## INSTRUCTIONS TO FOLLOW
Retype each record below word for word, pictures excluded.

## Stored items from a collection

────────────────────────────────────────

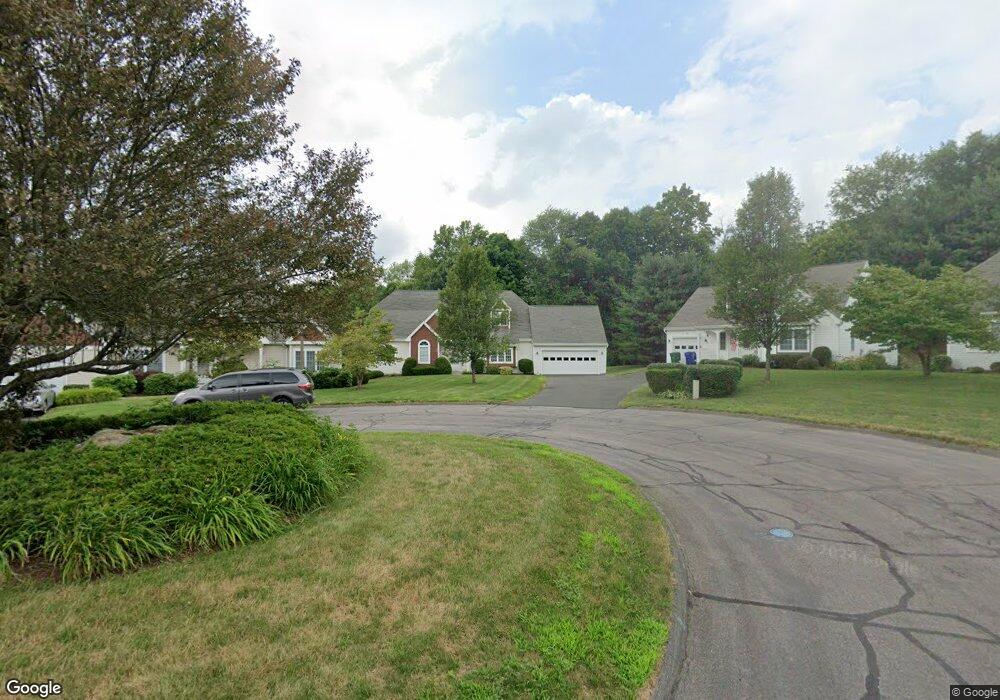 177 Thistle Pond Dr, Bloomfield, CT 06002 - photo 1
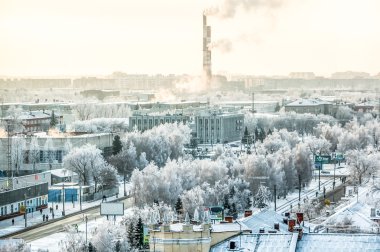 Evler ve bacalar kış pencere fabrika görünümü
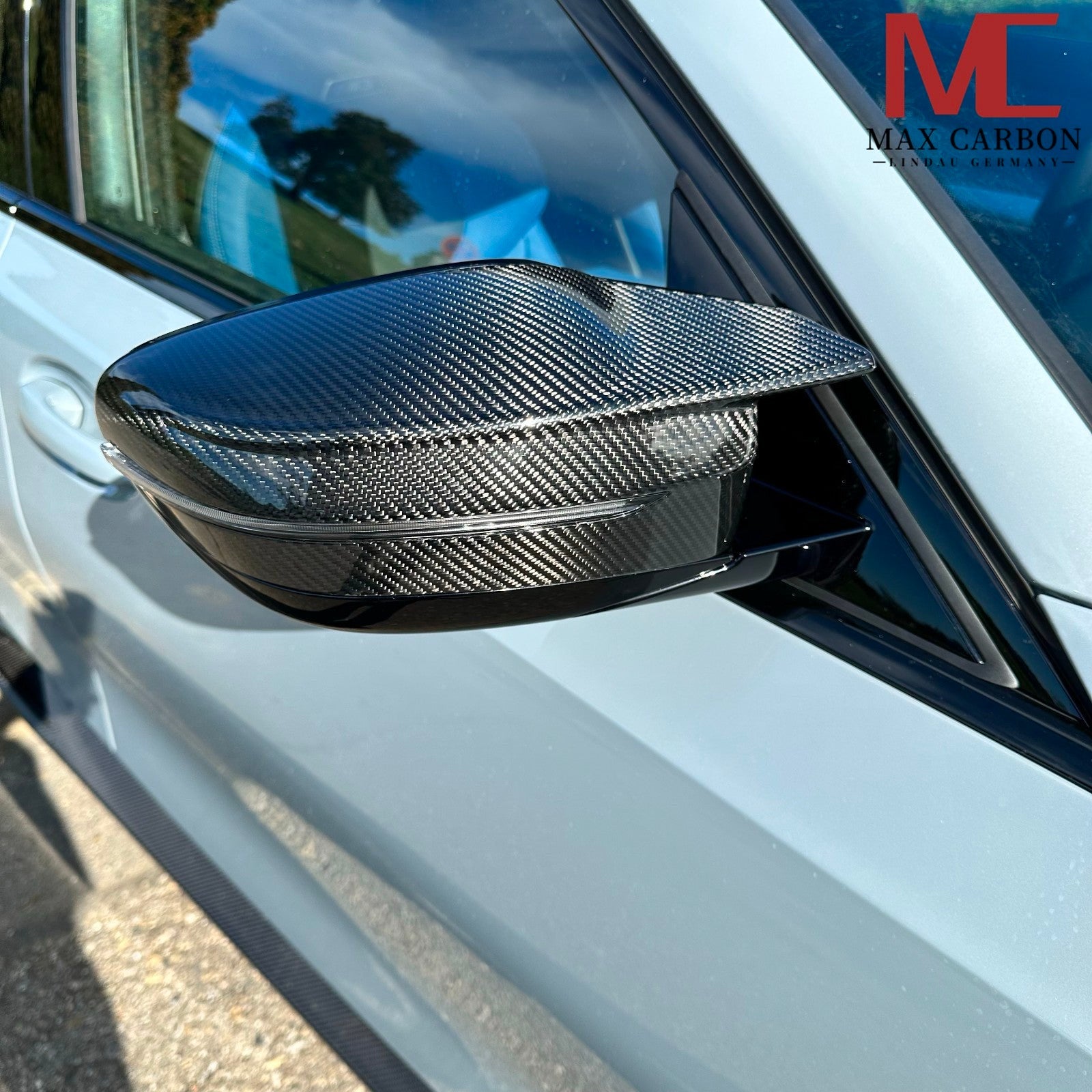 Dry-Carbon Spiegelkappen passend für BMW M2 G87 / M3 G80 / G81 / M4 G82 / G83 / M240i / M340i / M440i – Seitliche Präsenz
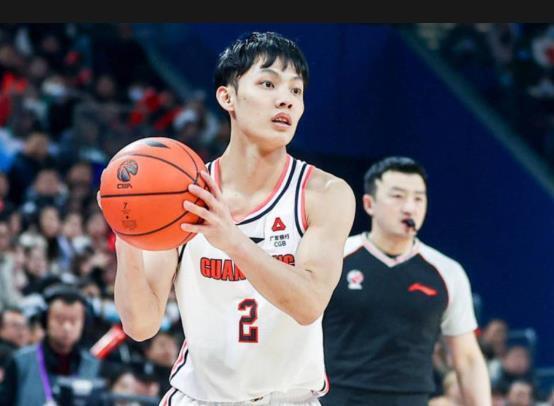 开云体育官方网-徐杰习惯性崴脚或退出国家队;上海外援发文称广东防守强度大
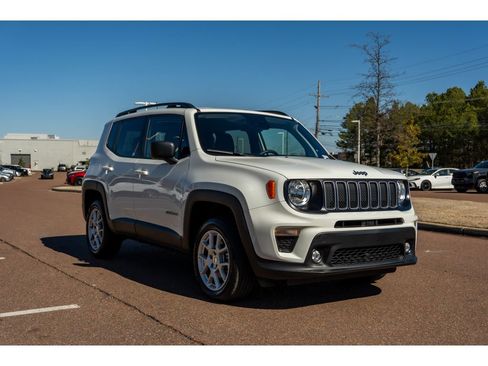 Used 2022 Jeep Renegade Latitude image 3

────────────────────────────────────────

## EXERCISE OUTPUT
 177 Thistle Pond Dr, Bloomfield, CT 06002 - photo 1
 Evler ve bacalar kış pencere fabrika görünümü
 Dry-Carbon Spiegelkappen passend für BMW M2 G87 / M3 G80 / G81 / M4 G82 / G83 / M240i / M340i / M440i – Seitliche Präsenz
 开云体育官方网-徐杰习惯性崴脚或退出国家队;上海外援发文称广东防守强度大
 Used 2022 Jeep Renegade Latitude image 3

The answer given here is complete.